Oct. 9 (Bloomberg) -- Power Assets Holdings Ltd., controlled by Asia’s richest man, Li Ka-shing, has approached its relationship banks for a HK$37.5 billion ($4.8 billion) three-year term loan to back the spinoff of its Hong Kong electricity arm, three people familiar with the matter said.
Loan proceeds will be used to fund the acquisition of the entire stake of the company’s Hongkong Electric Co. by the spinoff unit, HK Electric Investments Ltd., the people said, asking not to be identified because the details are private. Price talk for the facility is at an all-in rate, which includes interest and fees, of about 110 basis points over the Hong Kong interbank offered rate for minimum pledges of HK$3 billion, the people said.
Power Assets is seeking to raise as much as $5 billion by selling units in its Hong Kong electricity arm, two other people with knowledge of that plan said last month. The company plans to sell as much as a 70 percent stake in the division through a business trust structure, Power Assets said in a Sept. 27 Hong Kong stock exchange statement.
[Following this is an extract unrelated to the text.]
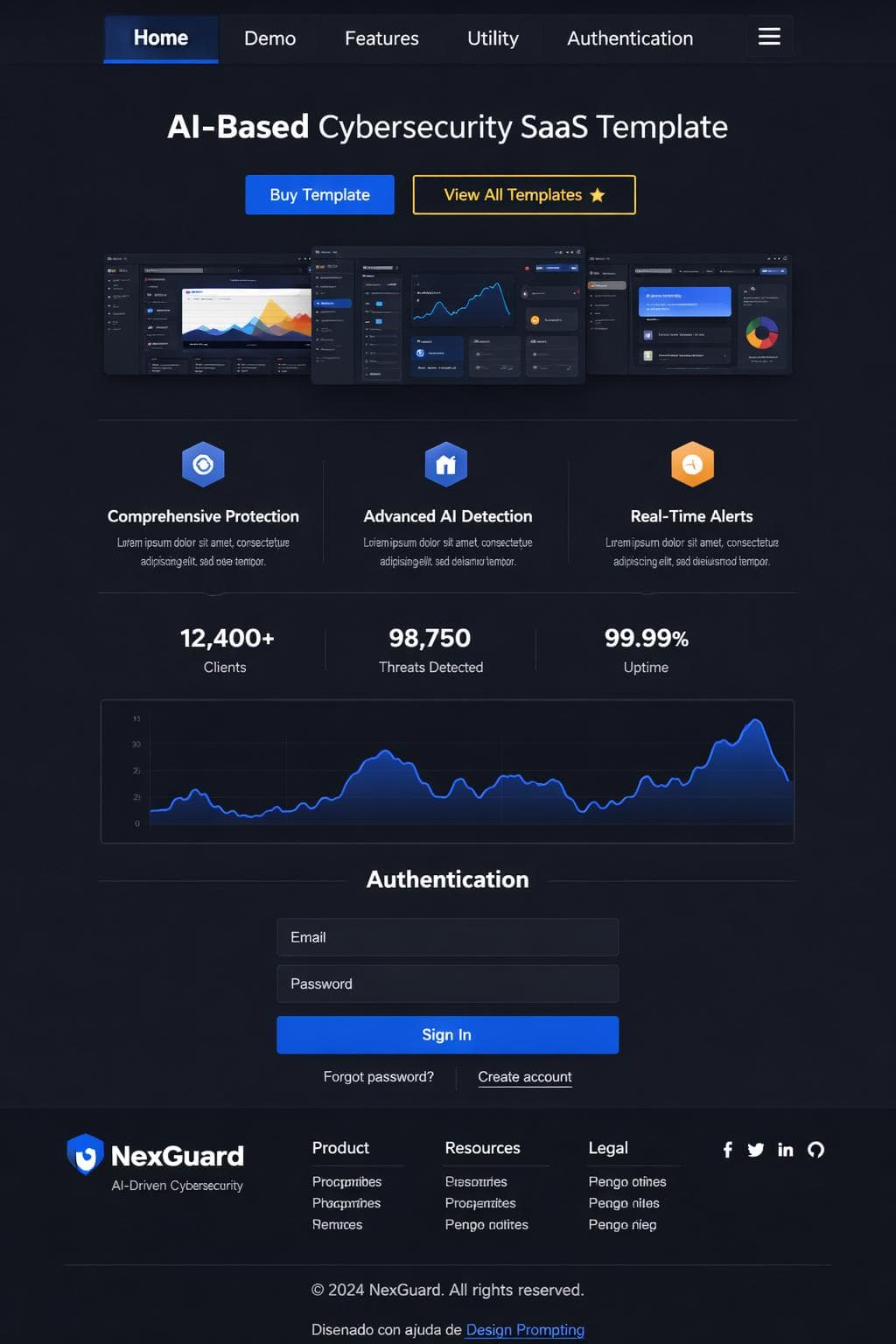 NexGuard — vista previa del theme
A $5 billion sale would be the biggest initial public offering in the city since October 2010, when AIA Group Ltd. raised $20.4 billion, according to data compiled by Bloomberg.
A Hong Kong-based spokeswoman for Power Assets declined to comment on the loan financing when contacted by phone yesterday.
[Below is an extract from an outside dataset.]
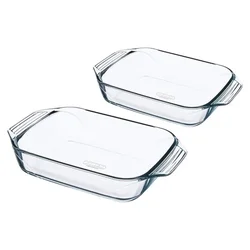 2 rectangular heat-resistant glass dishes, 3 L/4 L, Inspiration ra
Hongkong Electric, which started operations in 1890, provides electricity to about 568,000 customers. The company, one of two major power suppliers in the city, reported a profit of HK$4.5 billion in 2012 and had a net asset value of HK$5.6 billion as of Dec. 31, according to its Sept. 27 statement unveiling the spinoff plans.
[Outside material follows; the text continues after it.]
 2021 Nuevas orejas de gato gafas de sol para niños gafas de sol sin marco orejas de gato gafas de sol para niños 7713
Outside of Hong Kong, Power Assets has interests in businesses from gas distribution to wind farms in the U.K., Australia, China, New Zealand, Thailand, Canada and the Netherlands. Earnings from the company’s power assets outside Hong Kong increased to about HK$5.1 billion last year, from HK$700 million in 2007, according to the Sept. 27 statement.
A HK$37.5 billion loan would be the second-biggest syndicated financing in Hong Kong this year after Cnooc Ltd.’s $6 billion facility in February, according to data compiled by Bloomberg. That was used to back Cnooc’s acquisition of Canada’s Nexen Inc.
Loans in the city total $47.8 billion since Dec. 31 versus $25.1 billion the same period of 2012, the data show.